We began by assessing the current state, and asking key questions about data centralization, flexibility, and differentiation of critical data elements. Critical data elements were defined as those that directly influenced decision-making. Engaging leaders across business units and regions, we identified which data needed customization and which could remain standardized. Based on these insights, we proposed a federated model that balanced enterprise-level consistency with the flexibility to address local needs.

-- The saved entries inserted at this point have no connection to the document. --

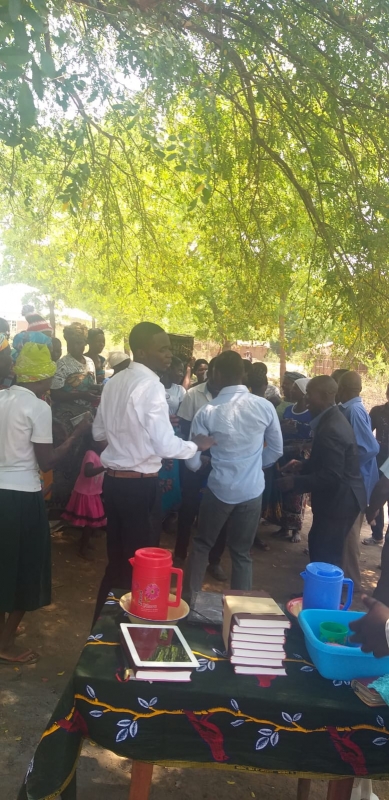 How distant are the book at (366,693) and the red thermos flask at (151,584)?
747mm

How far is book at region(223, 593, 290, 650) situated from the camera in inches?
85.0

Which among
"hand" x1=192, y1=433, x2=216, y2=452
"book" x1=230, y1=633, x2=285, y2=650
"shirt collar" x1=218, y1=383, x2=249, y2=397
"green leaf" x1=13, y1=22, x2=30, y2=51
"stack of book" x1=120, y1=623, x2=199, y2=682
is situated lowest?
"stack of book" x1=120, y1=623, x2=199, y2=682

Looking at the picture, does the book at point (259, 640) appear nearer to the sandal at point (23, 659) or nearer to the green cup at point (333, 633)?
the green cup at point (333, 633)

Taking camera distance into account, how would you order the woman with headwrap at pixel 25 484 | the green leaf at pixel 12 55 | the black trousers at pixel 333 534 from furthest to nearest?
the black trousers at pixel 333 534
the woman with headwrap at pixel 25 484
the green leaf at pixel 12 55

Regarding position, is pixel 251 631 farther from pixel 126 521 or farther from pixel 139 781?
pixel 126 521

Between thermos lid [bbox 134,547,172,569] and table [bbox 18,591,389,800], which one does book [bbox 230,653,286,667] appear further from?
thermos lid [bbox 134,547,172,569]

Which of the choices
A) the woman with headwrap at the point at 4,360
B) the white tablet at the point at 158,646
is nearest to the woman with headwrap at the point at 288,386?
the woman with headwrap at the point at 4,360

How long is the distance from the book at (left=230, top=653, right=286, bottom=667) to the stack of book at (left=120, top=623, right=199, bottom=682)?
16cm

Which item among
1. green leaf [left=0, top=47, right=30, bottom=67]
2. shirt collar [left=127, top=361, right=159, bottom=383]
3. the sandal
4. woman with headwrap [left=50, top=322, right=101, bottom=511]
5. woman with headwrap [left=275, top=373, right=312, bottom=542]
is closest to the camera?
green leaf [left=0, top=47, right=30, bottom=67]

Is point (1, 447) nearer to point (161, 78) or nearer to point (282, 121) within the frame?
point (161, 78)

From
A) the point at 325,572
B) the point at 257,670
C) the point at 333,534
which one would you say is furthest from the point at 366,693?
the point at 333,534

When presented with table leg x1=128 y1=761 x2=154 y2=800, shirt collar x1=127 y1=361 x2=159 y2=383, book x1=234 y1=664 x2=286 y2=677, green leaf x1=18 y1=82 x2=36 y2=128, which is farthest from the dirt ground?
green leaf x1=18 y1=82 x2=36 y2=128

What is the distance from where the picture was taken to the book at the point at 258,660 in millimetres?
2146

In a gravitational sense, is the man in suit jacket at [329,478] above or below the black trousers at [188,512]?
above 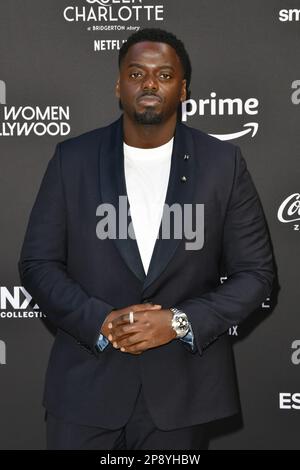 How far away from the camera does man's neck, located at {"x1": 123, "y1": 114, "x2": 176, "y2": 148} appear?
2.39 m

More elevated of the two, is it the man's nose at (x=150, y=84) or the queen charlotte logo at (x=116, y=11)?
the queen charlotte logo at (x=116, y=11)

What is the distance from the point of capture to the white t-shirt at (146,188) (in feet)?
7.60

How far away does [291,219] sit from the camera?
3.46 meters

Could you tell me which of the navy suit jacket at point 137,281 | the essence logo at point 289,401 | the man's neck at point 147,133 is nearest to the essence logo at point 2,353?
the navy suit jacket at point 137,281

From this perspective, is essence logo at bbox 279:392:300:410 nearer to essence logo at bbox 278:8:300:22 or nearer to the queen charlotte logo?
essence logo at bbox 278:8:300:22

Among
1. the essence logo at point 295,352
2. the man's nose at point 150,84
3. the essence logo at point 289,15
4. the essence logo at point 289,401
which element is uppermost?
the essence logo at point 289,15

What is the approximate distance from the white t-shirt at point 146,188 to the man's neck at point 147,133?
2 centimetres

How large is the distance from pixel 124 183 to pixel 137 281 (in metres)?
0.36

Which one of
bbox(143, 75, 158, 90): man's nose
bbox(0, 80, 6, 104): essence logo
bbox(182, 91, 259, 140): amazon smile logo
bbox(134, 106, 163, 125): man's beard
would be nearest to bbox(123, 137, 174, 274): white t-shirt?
bbox(134, 106, 163, 125): man's beard

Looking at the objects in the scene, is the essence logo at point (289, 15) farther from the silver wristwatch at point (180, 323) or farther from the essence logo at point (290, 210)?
the silver wristwatch at point (180, 323)

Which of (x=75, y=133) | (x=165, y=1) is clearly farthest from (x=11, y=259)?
(x=165, y=1)

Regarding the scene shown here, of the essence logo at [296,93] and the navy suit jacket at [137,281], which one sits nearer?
the navy suit jacket at [137,281] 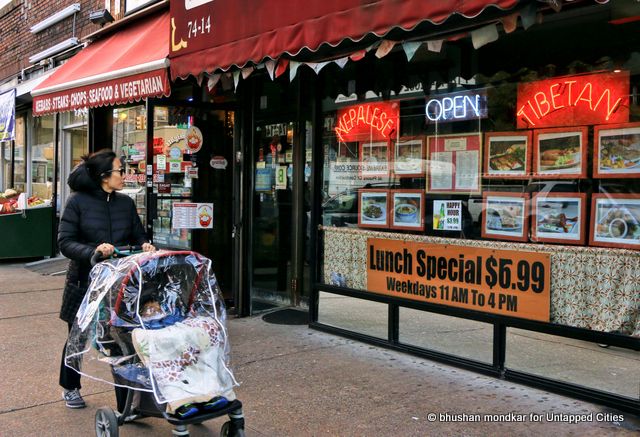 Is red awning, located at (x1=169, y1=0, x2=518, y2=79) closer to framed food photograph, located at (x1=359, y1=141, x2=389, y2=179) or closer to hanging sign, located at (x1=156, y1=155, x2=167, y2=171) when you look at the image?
hanging sign, located at (x1=156, y1=155, x2=167, y2=171)

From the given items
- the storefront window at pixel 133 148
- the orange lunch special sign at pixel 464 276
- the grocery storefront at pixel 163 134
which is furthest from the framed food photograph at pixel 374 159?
the storefront window at pixel 133 148

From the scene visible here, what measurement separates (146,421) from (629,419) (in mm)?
3309

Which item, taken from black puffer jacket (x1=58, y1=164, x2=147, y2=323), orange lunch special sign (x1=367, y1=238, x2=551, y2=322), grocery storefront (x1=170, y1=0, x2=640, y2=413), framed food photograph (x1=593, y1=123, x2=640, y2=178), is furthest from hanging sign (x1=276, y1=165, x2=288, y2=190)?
framed food photograph (x1=593, y1=123, x2=640, y2=178)

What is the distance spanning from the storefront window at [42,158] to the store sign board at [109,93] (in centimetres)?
417

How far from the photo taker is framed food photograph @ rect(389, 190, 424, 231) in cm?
542

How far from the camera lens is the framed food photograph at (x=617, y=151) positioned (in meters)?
4.15

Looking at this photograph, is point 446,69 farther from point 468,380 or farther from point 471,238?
point 468,380

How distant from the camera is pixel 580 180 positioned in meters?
4.43

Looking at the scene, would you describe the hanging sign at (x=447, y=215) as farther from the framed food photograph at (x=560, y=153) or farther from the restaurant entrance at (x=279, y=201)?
the restaurant entrance at (x=279, y=201)

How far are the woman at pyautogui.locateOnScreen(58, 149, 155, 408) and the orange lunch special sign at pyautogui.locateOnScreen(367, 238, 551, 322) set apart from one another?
242 cm

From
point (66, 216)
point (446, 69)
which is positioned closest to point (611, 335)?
point (446, 69)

This model allowed departments to create tailored data definitions while aligning with overall standards, reducing fragmentation.


The Impact

To implement the new model, we worked closely with business and tech leaders to ensure alignment and smooth execution. A pilot phase in the North American office helped refine the approach, and following its success, we scaled the model globally, adapting it to local contexts. Continuous monitoring and iterative improvements were established to ensure the model remained effective.


Charting a Path Forward

Seeing the impact of shifting from centralized control to a decentralized, business-unit-driven governance approach highlights how essential it is to align data governance with real business needs. While my assertion may not hold true in every scenario, my experience and observations indicate that the centralized data governance model is increasingly ill-suited for 21st-century businesses. In an era dominated by AI, ML, advanced analytics, and complex regulatory requirements, a more flexible yet standardized approach, such as the federated model, has proven more effective. Shifting from centralized control to a decentralized, business-unit-driven governance framework better aligns governance with real business needs. This model empowers teams to manage their data within a flexible structure, enabling enhanced decision-making and positioning data as a catalyst for innovation and growth.